Este livro conta as histórias de 2000 quilômetros de caminhadas ao longo de sete anos pela cidade de Curitiba, capital do estado do Paraná na região sul do Brasil. É Curitiba, mas serve para qualquer lugar. As caminhadas foram por 41 bairros dos 75 que a cidade tem.

Tudo que foi visto foi fotografado, gerando um acervo de 50 mil imagens. Depois de uma árdua tarefa, selecionei 2000 fotos e tratei com arte digital. Dessas imagens, 895 estão publicadas neste livro ilustrando o texto. ​Levei sete anos para chegar até aqui.

Foi um processo bem longo de escrever e de retratar uma cidade. Já passei da metade e vou fazer ela inteira. Eu quero ver o que mais ela tem para mostrar, o que ela esconde e o que mais vou aprender. ​Falo em aprender, porque as minhas caminhadas me ensinaram muito.

Não só como a cidade é, mas como ela é tratada pelos prefeitos, que se revezam em mandatos de quatro ou oito anos e adotam posturas bem diferentes na administração do município.

Aprendi que todas as artes de rua têm um significado, seja o grafite pintado no muro autorizado, seja o picho estudado, pensado e colocado, com risco de vida, no andar mais alto daquele prédio ou em qualquer lugar abandonado, ou não. É o grito da periferia da cidade que também lhe pertence.

​Aprendi que educar o cidadão é ensinar cidadania a ele, e na periferia isso quase não existe. E não é por culpa deles, é por culpa da gestão, ou falta de gestão. ​Aprendi que não existem casas velhas, que elas são documentos da nossa história. Que uma rua estreita sempre tem um significado.

Que passear em shoppings é enjoativo, o maravilhoso é passear na rua. ​E vou seguir por mais alguns anos vendo se a cultura da cidade vai mudar, se vão implantar mecanismos para imóveis abandonados, porque isso é um problema cultural.

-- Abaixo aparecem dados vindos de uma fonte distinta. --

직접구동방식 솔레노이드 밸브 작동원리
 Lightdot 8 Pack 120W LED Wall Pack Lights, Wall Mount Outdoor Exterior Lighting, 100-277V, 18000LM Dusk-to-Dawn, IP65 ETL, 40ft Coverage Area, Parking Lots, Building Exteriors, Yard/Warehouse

É uma agressão à paisagem e à história da cidade e poucos pensam assim. ​A educação e a cultura são tudo. Se não mudarem as cabeças, a sociedade não vai mudar e a cidade vai se deteriorar mais.

Essa mudança só vai acontecer se houver primeiro uma compreensão das pessoas para depois agir e transformar. Não pode ter aí nem um pouco de egoísmo. Tem que ser uma causa, e grande, e abraçar com um grande abraço a cidade toda.

​Nas minhas caminhadas pela cidade, eu fiz a observação do outro e do que muitas pessoas não veem. Eu vi a cidade como gente, com vida mesmo nas partes mortas, e que ela fala, grita, ri, chora e pede socorro.

Enfim, é um livro para se pensar uma cidade, as suas memórias, seus erros e acertos, uma mistura de tudo, de memórias e de ciências humanas.